そこは、外界とは少し隔離された感じで、しかし風向きによっては漁村からの魚の匂いが迫ってきて、嗅覚を閉じるのに苦労する。
それでも、風向き問題さえ解消されれば、眺めはよいものである。
カラスだけでなく、白鷺も見える。緑色のオウムも見える。
朝の月もまた、愛らしい。
遊歩道を歩くのは、近所に暮らす人々。わたしを除いて、みなインド人。
30年以上前に埋め立てられ、高層アパートメントの林立する高級住宅街となったこの地域は、古くからの居住者が多い。
多くの富裕層が、自分たちが住むために、あるいは投資のために、物件を購入し、ここに一大コミュニティを築いている。
……と、夫が年配の男性と挨拶をしている。
仕事の関係者のようである。こんなところで知り合いに会うとは。朝っぱらから、油断ならんというものだ。よかった。眠たくても、「眉」だけは描いてきておいて。にこやかに、挨拶を交わす。
聞けば彼は、夫の会社が投資をしている企業のCEOだとのことで、わたしもよく耳にはしている会社であった。夫はしばらく、彼と一緒に歩きながら話をしていた。
彼は30数年前に、この界隈の物件を4つほど購入したらしい。1スクエアフィートあたりの値段が、現在の30分の1程度だったとのこと。現在のこの地区。全然ゴージャスでない3ベッドルーム程度の物件ですら、「億ション」である。
バンガロールにせよ、ムンバイにせよ、不動産バブルが弾けてしかるべきだと常々思っていたが、その思いを新たにする。
世の中には、「ふさわしい高価」と「ふさわしくない高価」があると思う。

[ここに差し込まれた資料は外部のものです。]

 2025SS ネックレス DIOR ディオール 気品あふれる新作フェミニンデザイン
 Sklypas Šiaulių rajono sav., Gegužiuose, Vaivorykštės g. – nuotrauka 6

この界隈の不動産価格は、圧倒的に「ふさわしくない」し、間違っている。と、本能的に思う。
それはそうと、朝、歩くのは身体にも精神にも、よいような気がする。まだ3日目だが。三日坊主にならないようにしたいものだ。
三日坊主といえば、「般若心経」をノートに書き写す写経は続いている。もう、すべてを覚えた。プチ達成感である。ふとした時に、唱える言葉が口をついてでてくるというのは、とてもよいことのような気がする。覚えてよかったと思う。
しかし、英文の書き写しは、続いていない。数日おき状態だ。これこそを、毎日続けなければ。
帰宅して、水を飲む。
熱いシャワーを浴びる。いい香りの自然派石けんでリフレッシュする。
ローズウォーターで肌を潤す。
(何年も愛用しているシャナーズ・フセイン製のSHAROSE。保湿剤不要なほどに潤う)
ハーブティーを飲む。
(デリーのレガリア・ティーハウス製)
しぼりたてのフルーツ、もしくは野菜ジュースを飲む。
(基本はリンゴ、ニンジン、レモン。アレンジでパイナップル、ザクロ、カプシカム、トマトなど)
シリアル、もしくはミルク粥を食す。
(シリアルは、玄米フレークにグラノーラやミューズリを少し添えて、パルシ・デイリーの新鮮ヨーグルトとともに。Fabindiaのオーガニックなグラノーラがおいしい!)
果物も、食べる。
(バナナ、パパイヤ、パイナップルなど、その季節、その日に応じて。マンゴーのころは、毎朝のようにマンゴーひと筋)
新聞に目を通す。
夫を見送る。
写経をする。
コーヒーを飲む。
(南インドの挽き立てコーヒー。マイルドで、それなりに美味)
コンピュータに向かう。
こうして、わたしたちの一日は始まる。